Endocrine Abstracts

Background and aims: Ghrelin is the only known peripheral hormone, which increases food intake. It is released from the stomach and is thought to function as a meal initiator and signal of energy deficit. We used bacterial artificial chromosome transgenesis to generate a mouse model with increased ghrelin expression and production in stomach and brain. These mice exhibited increased circulating bioactive ghrelin and as expected were hyperphagic and glucose intolerant. We hypothesised that exposure to a high fat diet would exacerbate this phenotype.

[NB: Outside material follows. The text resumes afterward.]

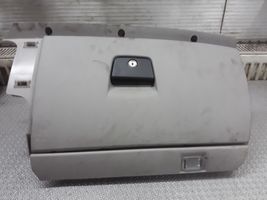 Volvo S40 Set vano portaoggetti 8626141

Methods: We investigated the effect of high fat feeding on energy and glucose homeostasis in these mice. Subsequently, we determined dietary preference, expression of hypothalamic neuropeptides known to control food intake and using FPLC the circulating forms of ghrelin present under both feeding paradigms. Finally we measured food intake during continuous administration of ghrelin in wild type mice fed either regular chow (RC) or high fat diet (HFD).

Results: Firstly, we found our mice were resistant to diet induced obesity due to a significant reduction in food intake. This was not caused by alterations to food preference, hypothalamic signalling of neuropeptides known to control food intake or an alteration in the form of circulating acylated ghrelin. Secondly, we found long-term administration of ghrelin to wild type mice failed to increase ingestion of a HFD but as expected increased food intake on RC.

Conclusion: This is the first report that diets high in fat inhibit the hyperphagic effect of ghrelin and suggests that dietary environment is critically important in determining the function of ghrelin. This may be of importance when developing anti-obesity drugs targeting the ghrelin system.